Work order –
Which lines below fall between the one containing "In this video we will" and the one containing "Hello friends, this"? Repeat them exactly, counting both of those lines, and add nothing else.

Data shown –

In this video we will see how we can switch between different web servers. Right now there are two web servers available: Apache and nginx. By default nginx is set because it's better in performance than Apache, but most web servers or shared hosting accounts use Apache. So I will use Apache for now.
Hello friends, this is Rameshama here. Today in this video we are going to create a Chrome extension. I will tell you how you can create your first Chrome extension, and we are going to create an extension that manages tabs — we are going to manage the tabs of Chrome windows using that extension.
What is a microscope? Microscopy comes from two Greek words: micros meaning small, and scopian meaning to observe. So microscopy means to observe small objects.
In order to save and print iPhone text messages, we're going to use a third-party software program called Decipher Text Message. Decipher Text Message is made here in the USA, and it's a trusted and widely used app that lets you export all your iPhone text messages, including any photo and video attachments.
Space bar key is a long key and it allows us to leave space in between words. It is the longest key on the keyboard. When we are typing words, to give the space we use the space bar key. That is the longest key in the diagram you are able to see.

...

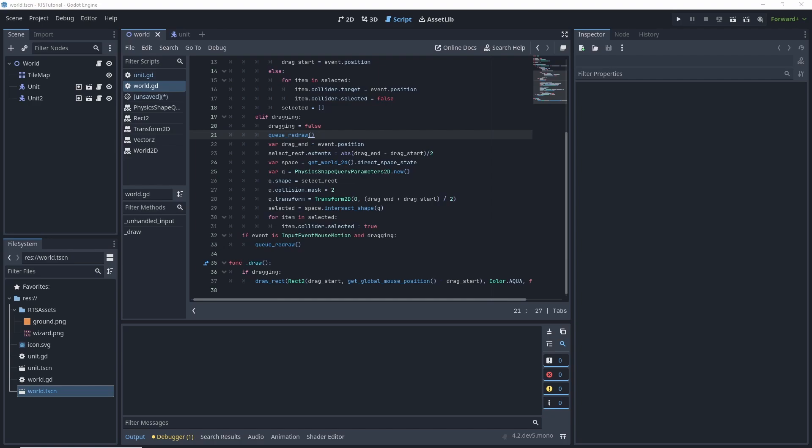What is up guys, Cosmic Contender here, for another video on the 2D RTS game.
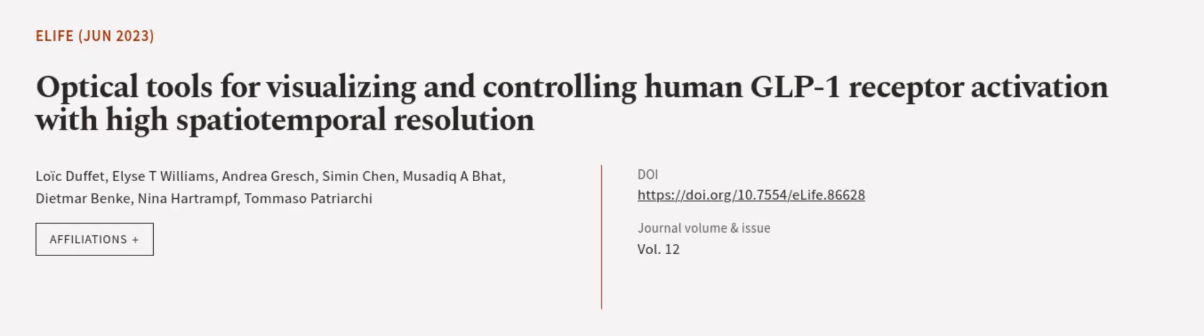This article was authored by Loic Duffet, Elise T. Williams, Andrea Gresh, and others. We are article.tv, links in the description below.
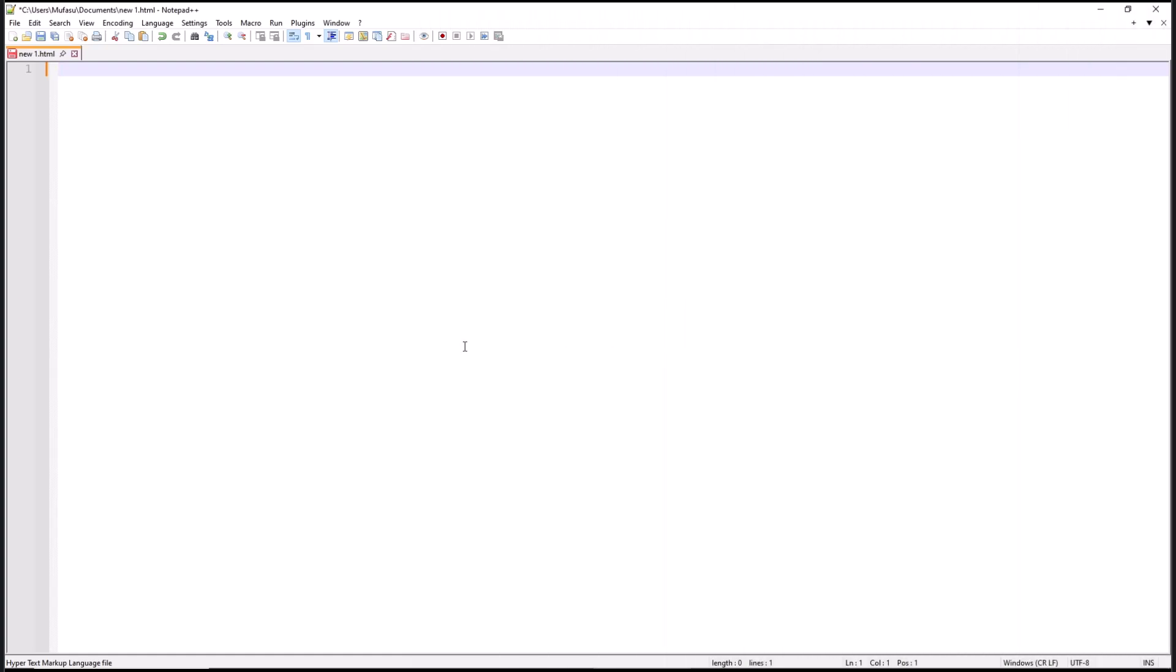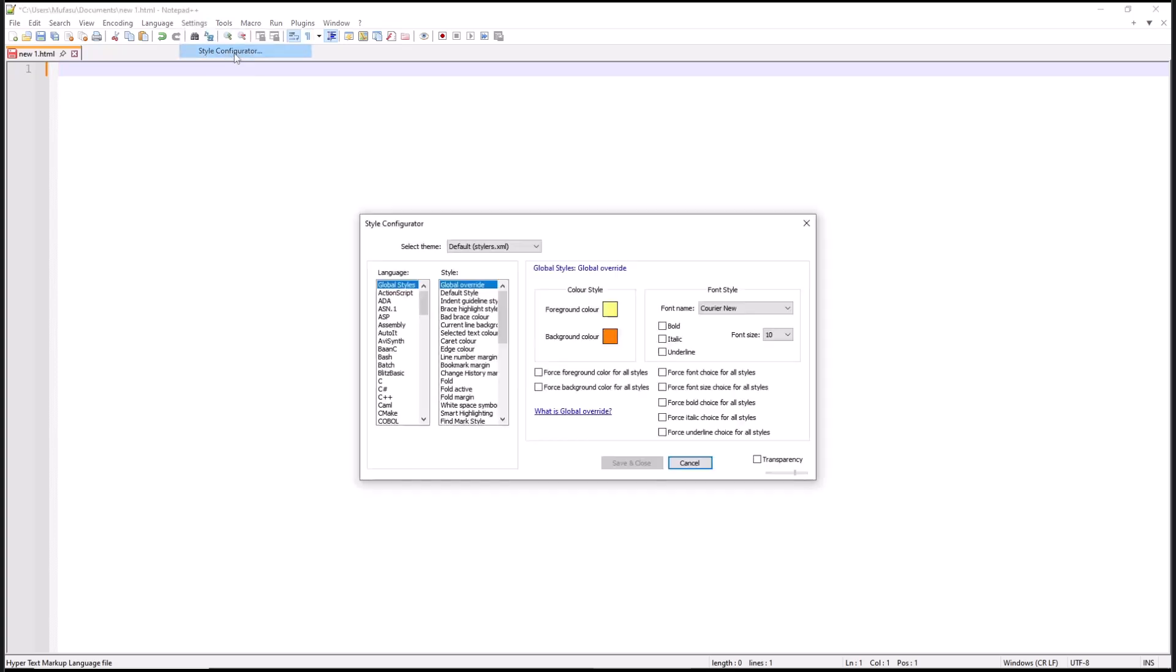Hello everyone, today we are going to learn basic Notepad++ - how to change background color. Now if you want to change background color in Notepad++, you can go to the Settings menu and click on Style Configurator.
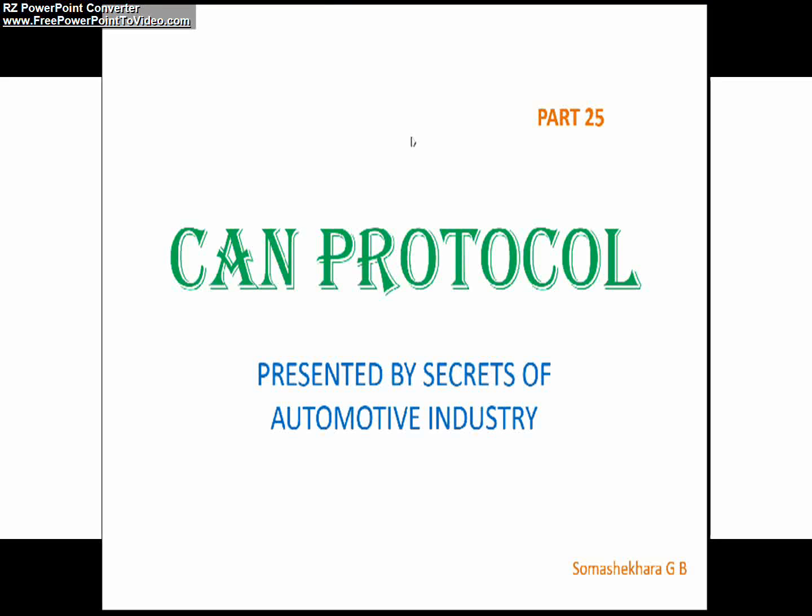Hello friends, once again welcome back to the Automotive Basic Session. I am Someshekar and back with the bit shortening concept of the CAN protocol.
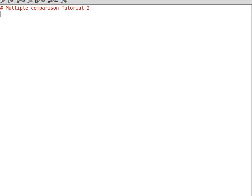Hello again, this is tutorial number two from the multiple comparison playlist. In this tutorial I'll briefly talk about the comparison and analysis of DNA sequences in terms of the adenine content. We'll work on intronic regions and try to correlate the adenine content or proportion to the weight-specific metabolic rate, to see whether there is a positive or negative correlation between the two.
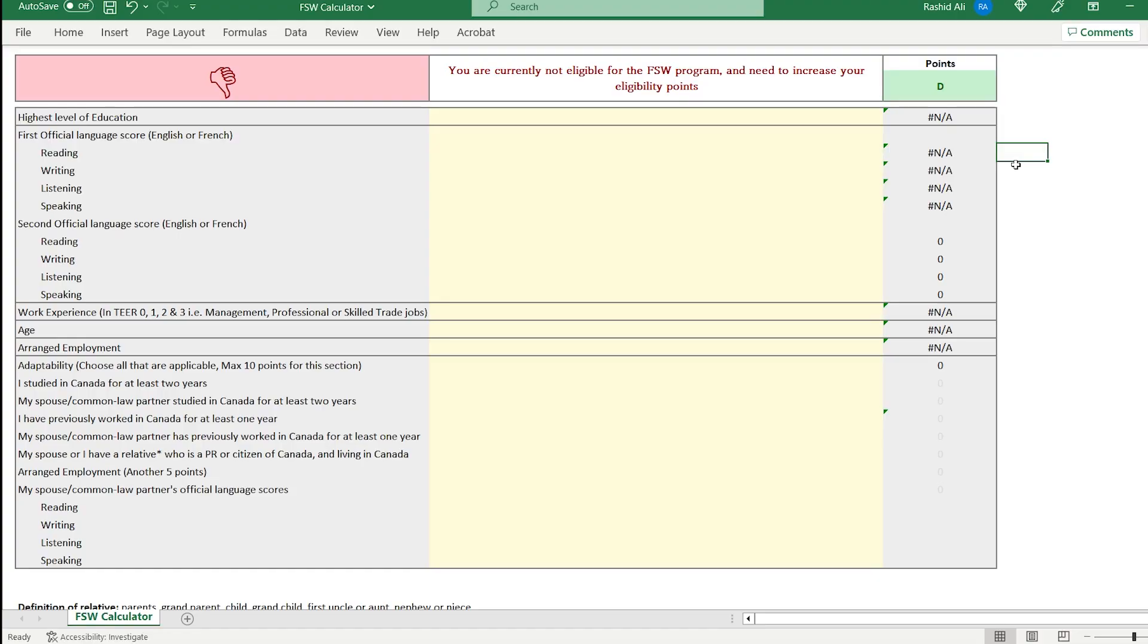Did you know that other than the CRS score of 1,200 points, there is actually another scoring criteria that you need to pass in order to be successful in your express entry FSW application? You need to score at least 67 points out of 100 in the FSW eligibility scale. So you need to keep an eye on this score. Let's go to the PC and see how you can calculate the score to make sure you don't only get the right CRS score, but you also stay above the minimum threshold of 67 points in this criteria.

Task result –
In this video we will see how we can switch between different web servers. Right now there are two web servers available: Apache and nginx. By default nginx is set because it's better in performance than Apache, but most web servers or shared hosting accounts use Apache. So I will use Apache for now.
Hello friends, this is Rameshama here. Today in this video we are going to create a Chrome extension. I will tell you how you can create your first Chrome extension, and we are going to create an extension that manages tabs — we are going to manage the tabs of Chrome windows using that extension.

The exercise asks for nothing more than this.